The 2029 Secured Notes may be redeemed prior to maturity under certain circumstances. Upon certain change of control events, the 2029 Secured Notes may be redeemed at the option of the holders at 101% of their principal amount, plus accrued and unpaid interest. The 2029 Secured Notes may be redeemed by CommScope, Inc. on or after September 1, 2024 at the redemption prices specified in the indenture governing the 2029 Secured Notes. Prior to September 1, 2024, the 2029 Secured Notes may be redeemed by CommScope, Inc. at a redemption price equal to 100% of their principal amount, plus a make-whole premium (as specified in the indenture governing the 2029 Secured Notes), plus accrued and unpaid interest. Prior to September 1, 2024, under certain circumstances, CommScope, Inc. may also redeem up to 40% of the aggregate principal amount of the 2029 Secured Notes at a redemption price of 104.750%, plus accrued and unpaid interest, using the proceeds of certain equity offerings. At any time prior to September 1, 2024, CommScope, Inc. may redeem during each calendar year up to 10% of the aggregate principal amount of the 2029 Secured Notes at a redemption price equal to 103% of the aggregate principal amount of the 2029 Secured Notes to be redeemed, plus accrued and unpaid interest, if any, to, but not including, the date of redemption.
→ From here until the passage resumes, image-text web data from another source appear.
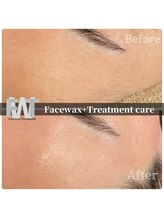 モンクラッシー(Mon classy)/肌質改善にも◎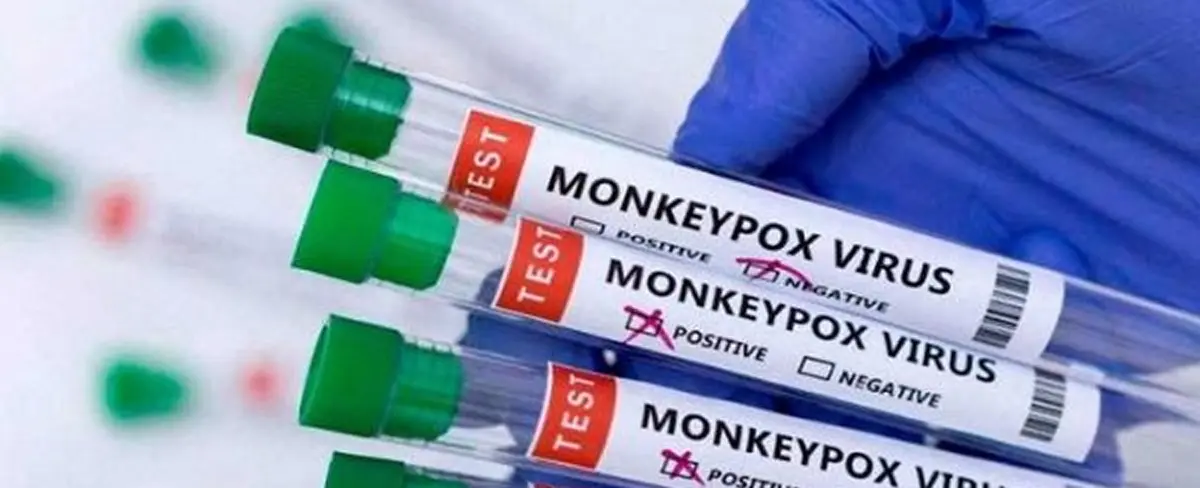 Guatemala confirma primer caso de la viruela del mono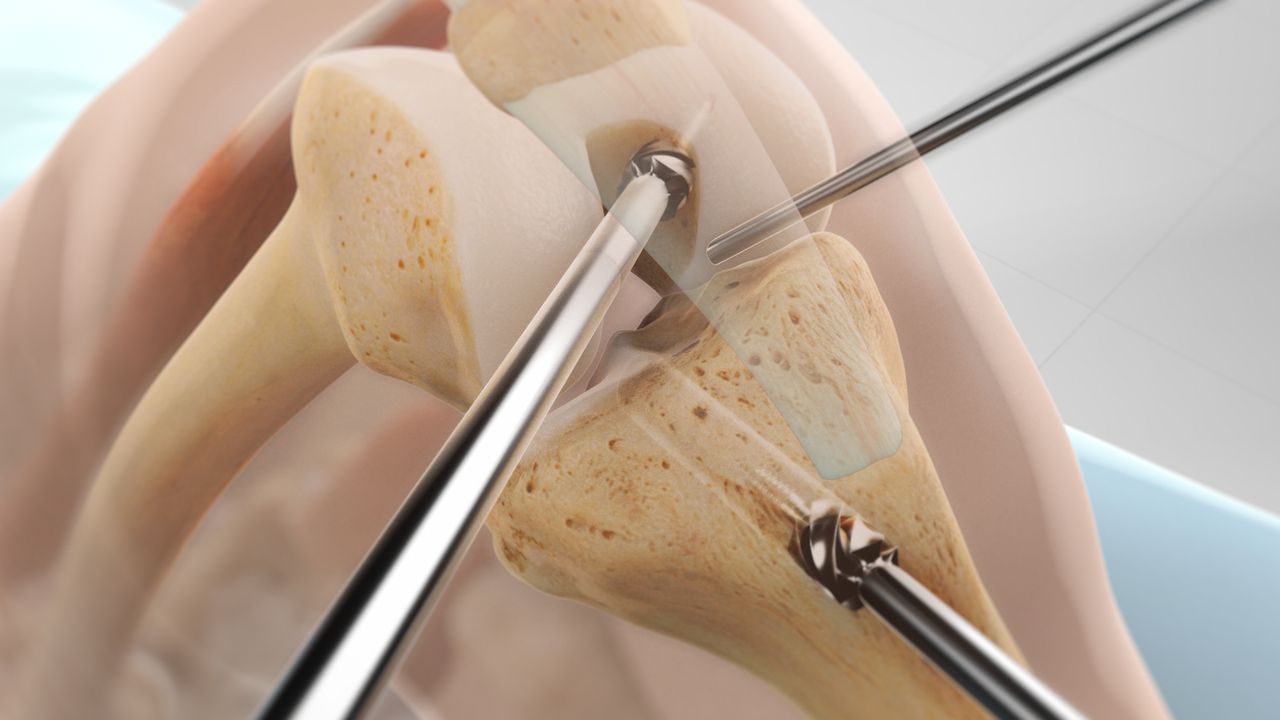 arthroscopy image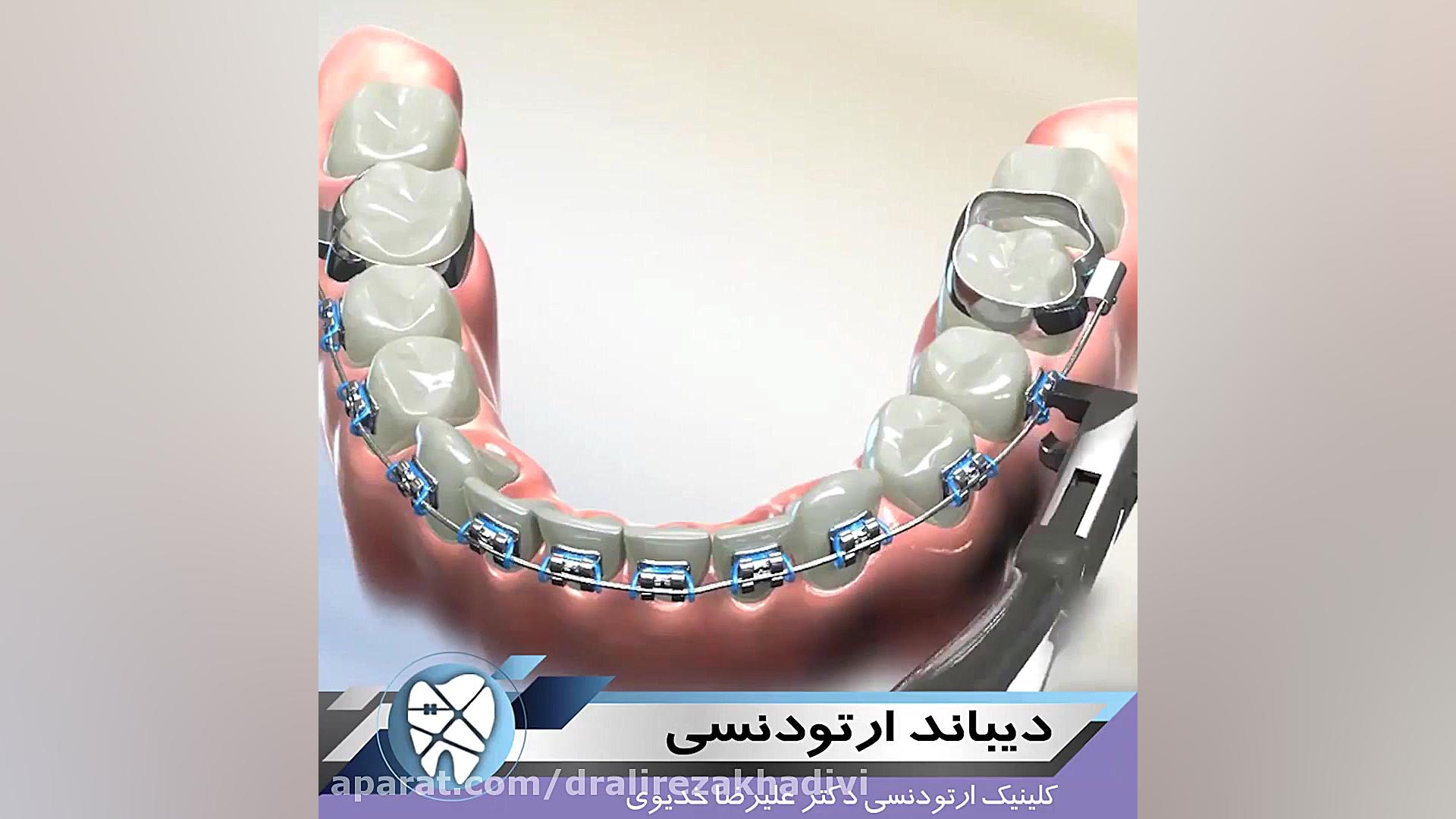 دیباند ارتودنسی.متخصص ارتودنسی تهران.دکترعلیرضاخدیوی دکتر علیرضا خدیوی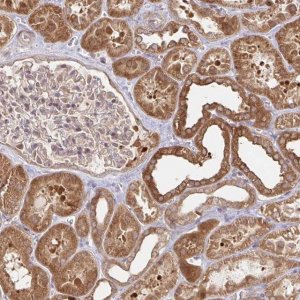 Anti-AACS antibody produced in rabbit 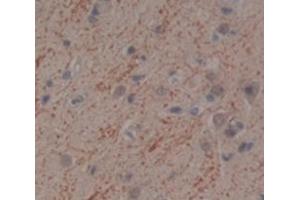 IHC-P analysis of Human Tissue, with DAB staining. (IFNA10 抗体  (AA 24-189))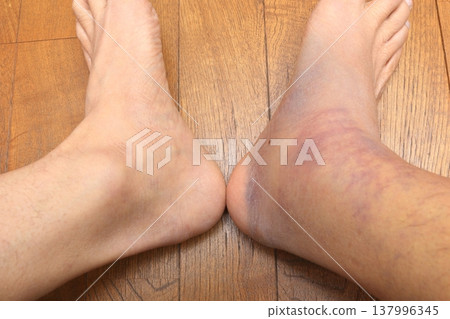 Effects of a calf muscle strain in my right leg (Day 6) Effects of a calf muscle strain in my right leg (Day 6) 137996345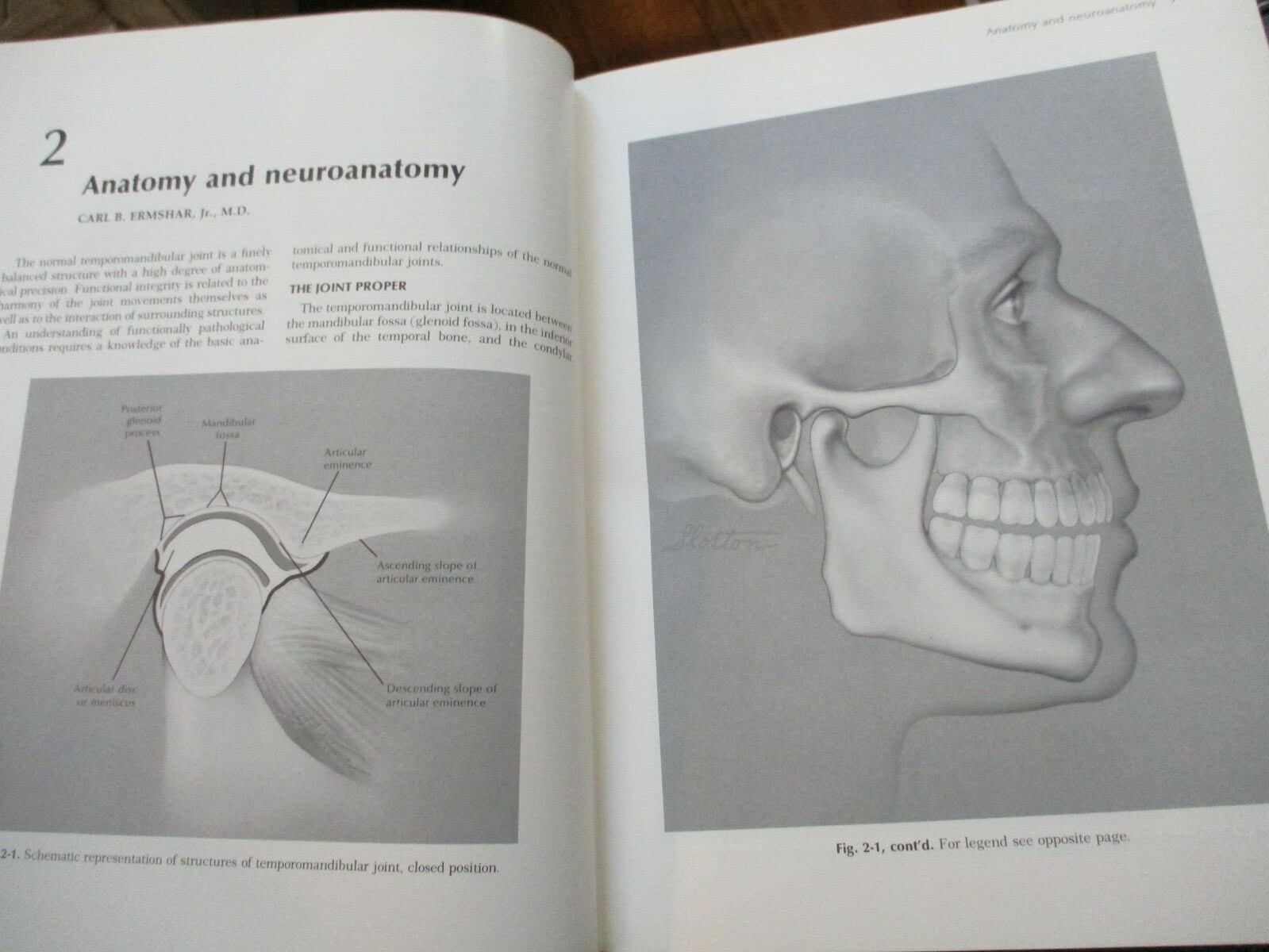 Diseases of the Tempormandibular Apparatus : A Multidisciplinary Approach 1977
In connection with issuing the 2029 Secured Notes, the Company incurred costs of $11.8 million during the three and nine months ended September 30, 2021, which were recorded as a reduction of the carrying amount of the debt and are being amortized over the term of the 2029 Secured Notes.

Senior Secured Credit Facilities

During the three and nine months ended September 30, 2021, the Company did not borrow under the Revolving Credit Facility. As of September 30, 2021, the Company had no outstanding borrowings under the Revolving Credit Facility and had availability of $686.4 million, after giving effect to borrowing base limitations and outstanding letters of credit.
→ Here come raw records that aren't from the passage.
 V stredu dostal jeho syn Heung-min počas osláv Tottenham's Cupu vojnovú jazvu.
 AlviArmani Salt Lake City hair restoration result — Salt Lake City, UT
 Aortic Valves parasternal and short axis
During the three and nine months ended September 30, 2021, the Company made quarterly scheduled amortization payments totaling $8.0 million and $24.0 million, respectively, on the senior secured term loan due in 2026 (the 2026 Term Loan). The current portion of long-term debt reflects $32.0 million of repayments due under the 2026 Term Loan.
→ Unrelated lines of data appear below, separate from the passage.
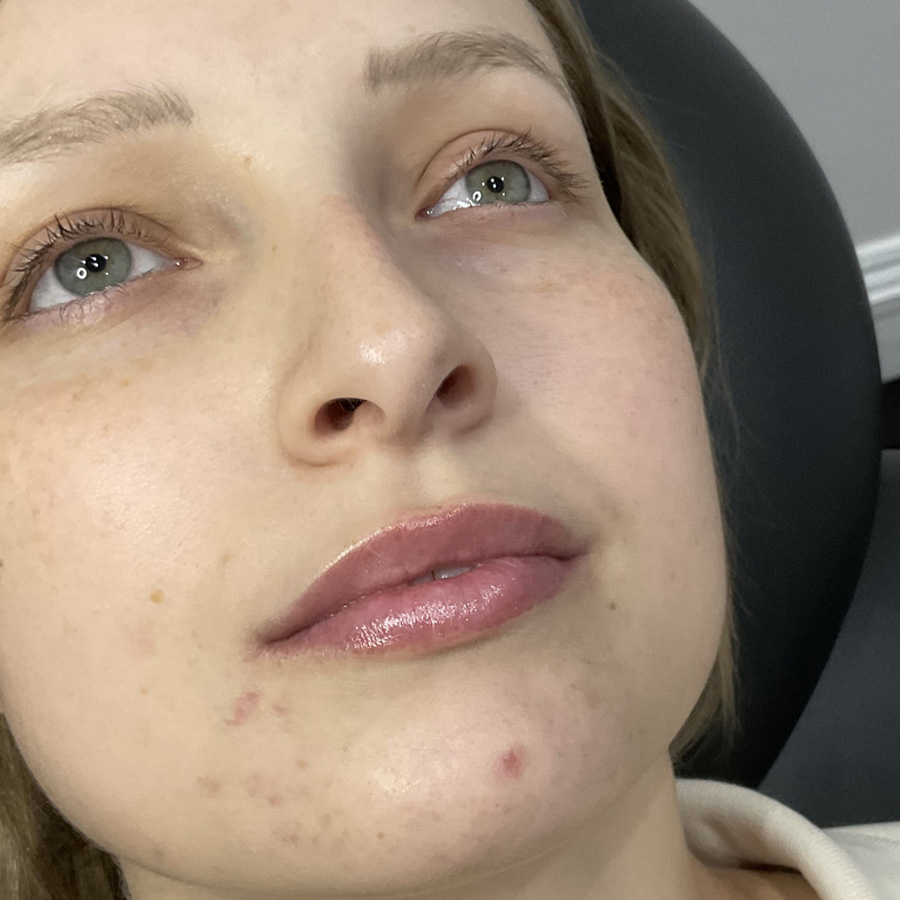About Face Clinic client before lip dermal filler 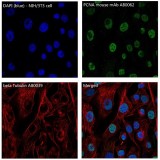 β-Tubulin Rabbit Polyclonal Antibody (100 μl)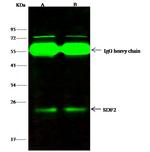 SDF2 Antibody in Immunoprecipitation (IP)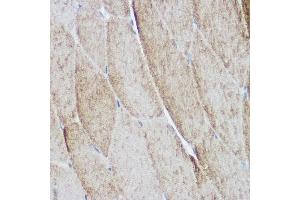 Immunohistochemistry of paraffin-embedded mouse skeletal muscle using  Rabbit pAb (ABIN6127422, ABIN6136487, ABIN6136489 and ABIN6216551) at dilution of 1:500 (40x lens).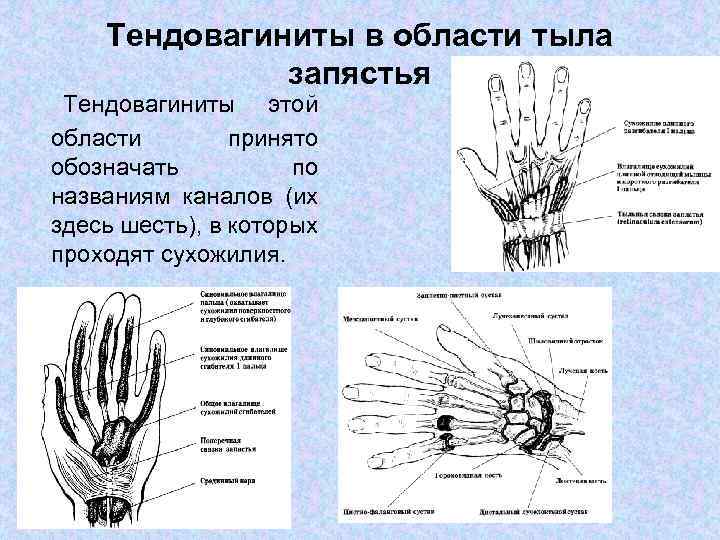 Тендовагиниты в области тыла запястья Тендовагиниты этой области принято обозначать по названиям каналов (их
No portion of the 2026 Term Loan was reflected as a current portion of long-term debt as of September 30, 2021 related to the potentially required excess cash flow payment because the amount that may be payable in 2022, if any, cannot currently be reliably estimated. There is no excess cash flow payment required in 2021 related to 2020.

Other Matters

The following table summarizes scheduled maturities of long-term debt as of September 30, 2021:

 

 

 

Remainder
of 2021

 

 

2022

 

 

2023

 

 

2024

 

 

2025

 

 

Thereafter

 

Scheduled maturities of long-term debt

 

$

8.0

 

 

$

32.0

 

 

$

32.0

 

 

$

32.0

 

 

$

1,332.0

 

 

$

8,200.0

 

The Company’s non-guarantor subsidiaries held $3,205 million, or 24%, of total assets and $1,021 million, or 8%, of total liabilities as of September 30, 2021 and accounted for $695 million, or 33%, and $1,990 million, or 31%, of net sales for the three and nine months ended September 30, 2021, respectively. As of December 31, 2020, the non-guarantor subsidiaries held $3,488 million, or 26%, of total assets and $956 million, or 8%, of total liabilities. For the three and nine months ended September 30, 2020, the non-guarantor subsidiaries accounted for $637 million, or 29% and $1,834 million, or 29%, of net sales, respectively. All amounts presented exclude intercompany balances.

The weighted average effective interest rate on outstanding borrowings, including the impact of the interest rate swap, and the amortization of debt issuance costs and original issue discount, was 5.74% and 5.86% as of September 30, 2021 and December 31, 2020, respectively.